The twin settlements of Darwin and Goose Green are about a dozen miles to the south and lie along a narrow isthmus.

The Argentinians had put a garrison there, but no one knew how many. An SAS patrol reckoned there were about 100. Brigade intelligence thought it was more in the region of about 450. In fact, there were well over 1,200. In any case, they were not considered a huge threat. The point is the Argentinians would have to get over a range of hills to the south of San Carlos water called Sussex Mountains.

The Isthmus itself is completely devoid of any cover. Someone said it's like a sort of billiard table, a kind of rolling billiard table, devoid of trees or bushes. And so the view of brigade headquarters was that the Argentinians had basically set up what someone called a self-administering prisoner of war camp,

There was some talk of a raid just beforehand in order to kind of keep their heads down. There were some fears, particularly back at home, that there might be some threat from the air, from the airstrip there. There was a kind of pretty crude airstrip with a couple of aeromachies and I think a pucara. Anyway, that sort of...

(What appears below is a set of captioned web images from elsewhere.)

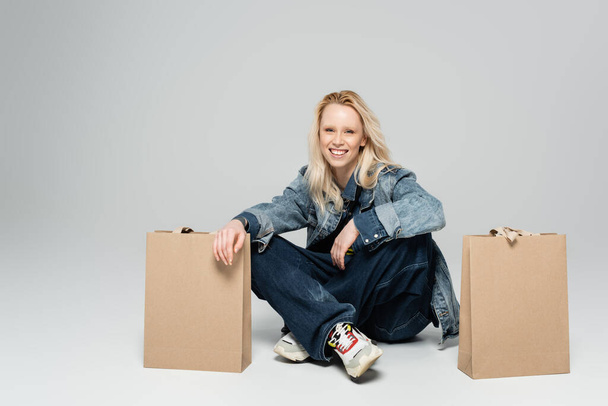 повна довжина радісної молодої жінки в стильному джинсовому вбранні, що сидить біля сумки для покупок на сірому
  - Фото, зображення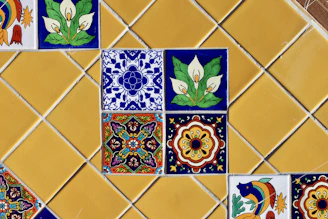 Colorful decorative tiles arranged on a yellow tiled wall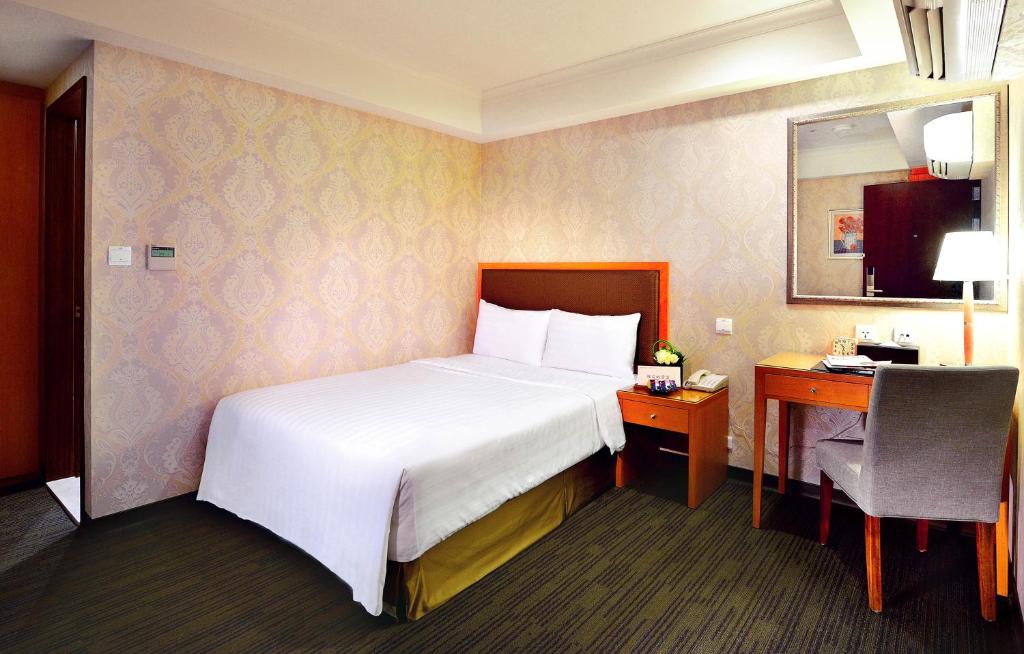 Postel nebo postele na pokoji v ubytování Fuward Hotel Tainan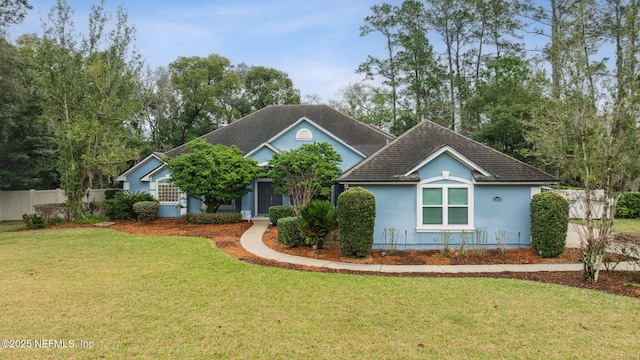 view of front of property featuring roof with shingles, a front yard, fence, and stucco siding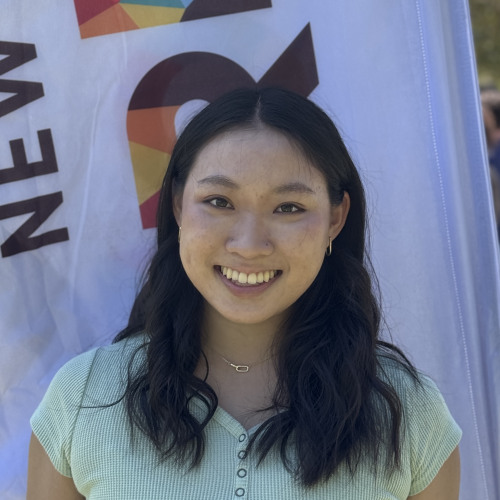 Ashley smiling outside in front of an orientation flag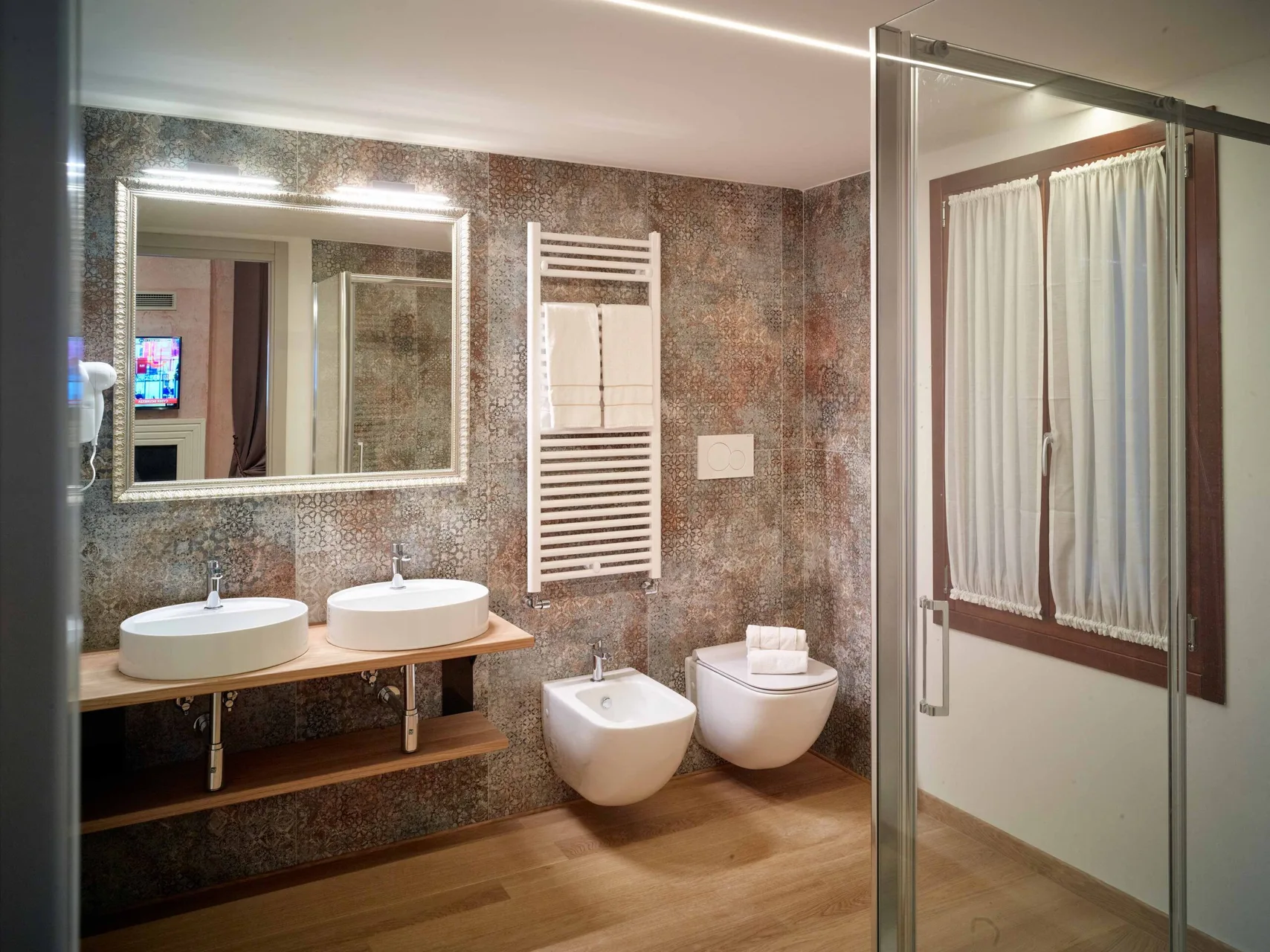 Bagno moderno con doppio lavabo, doccia, bidet e piastrelle decorate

light ground attack aircraft rather than fast jets and that would pose a threat but the whole situation changed on the 25th of May. Indeed the raid was actually launched and it got a little way when this was going to be conducted by two para when it was called off because the weather was too bad to lift any guns up there to support the attack and I think there was quite a feeling of relief when that happened but things changed dramatically on the 25th of May when Julian Thompson was

who was then busy working on his revised plan of attack, he now had to take account of the fact that he'd be operating without the lift provided by the Chinook and Wessex helicopters that had gone down on the Atlantic conveyor, which had just been sunk. And so Thompson is very keen to press on

to try and seize control of Mount Kent, which is this big feature in the middle of the island which dominates all the surrounding ground and looks down directly on Port Stanley, the ultimate objective. However, while he's working on this, he's called to the satellite terminal at Ajax Bay and told that he's put on to northward

and told by John Fieldhouse, the overall commander, that he was now to make a plan to attack and capture, not raid, but actually capture Goose Green. The impetus for this came not from the military folk back home, but from the politicians, from Number 10, from Mrs Thatcher and those around her.

Their feeling was that after several days of unbroken bad news, i.e. the sinking not only of the Atlantic conveyor, but also the destroyer HMS Coventry, the country really needed some good news.

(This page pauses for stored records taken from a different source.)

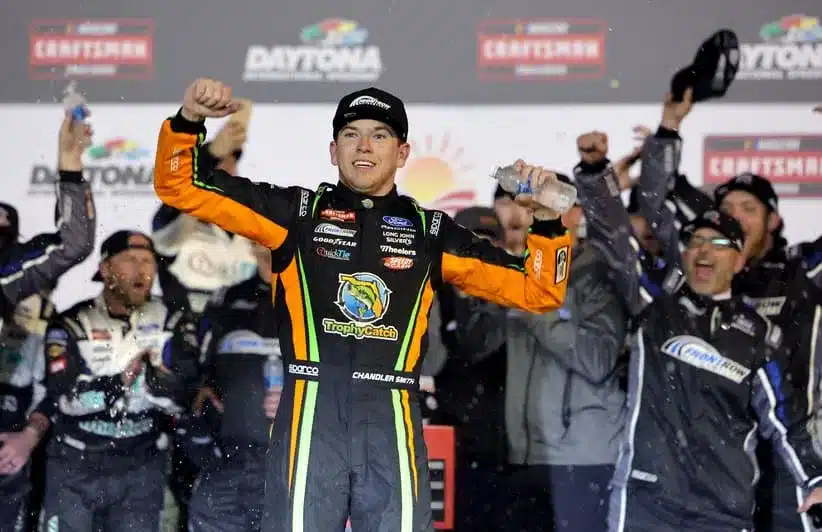 Feb 13, 2026; Daytona Beach, Florida, USA; NASCAR Truck Series driver Chandler Smith (38) celebrates after winning the Craftsman Truck series Fresh From Florida 250 at Daytona International Speedway.
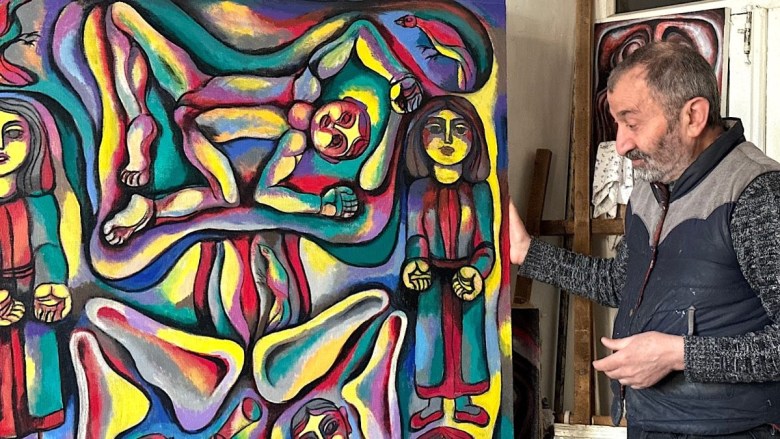 Arnold Meliksetyan stands alongside one of his newest creations，“Mulberry Leaf Pickers” (2024) (photo Siranush Sargsyan/Hyperallergic)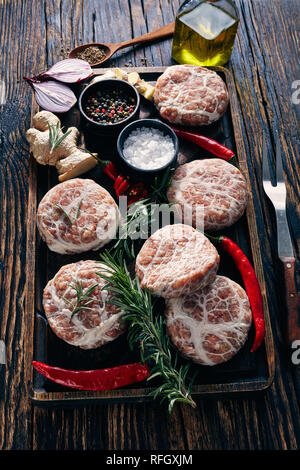 Fleisch-pastetchen-raw Atriaux von Schweinefleisch in caul Fett gewickelt, Schweizer Küche, Sorte Wurst auf einem hölzernen Fach mit Gewürzen und Salz, auf einem Holztisch Stockfoto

OK, so this is a political decision. It wouldn't be the first time, would it, Saul, that a battle had been ordered for the purposes of people in power? No, and not the last, of course, Patrick. I mean, a couple of famous examples come to mind. Stalingrad, probably the best known of all, where Hitler overrules his military command in what they're intending to do and insists that the city that bears his...

opponent's name, Stalin, of course, is taken against all good military advice and certainly watering down the plan to head further south and take the vital oil regions of the Caucasus. But also there's that better known example, I suppose, as far as the British are concerned, which was North Africa in 1940 to 1941, which

amazing success against the Italians, but thrown away really by Churchill's determination to launch an expedition into Greece in early 1941, which took away all the momentum of that initial incursion across Italian North Africa and gave the Germans, of course, time to launch their own reinforcements in the shape of Rommel. And of course, we know that the war changes dramatically as a result of that.

But you have examples too, I'm sure, Patrick. Yeah, absolutely. I mean, on a smaller scale, my latest book is about the raid on Dieppe in August 1942, Operation Jubilee, which was absolutely a political operation. Basically, it was cool because the Russians and the Americans who have just come into the war feel that the Brits aren't doing enough. The Russians are furious with us for not opening a second front there.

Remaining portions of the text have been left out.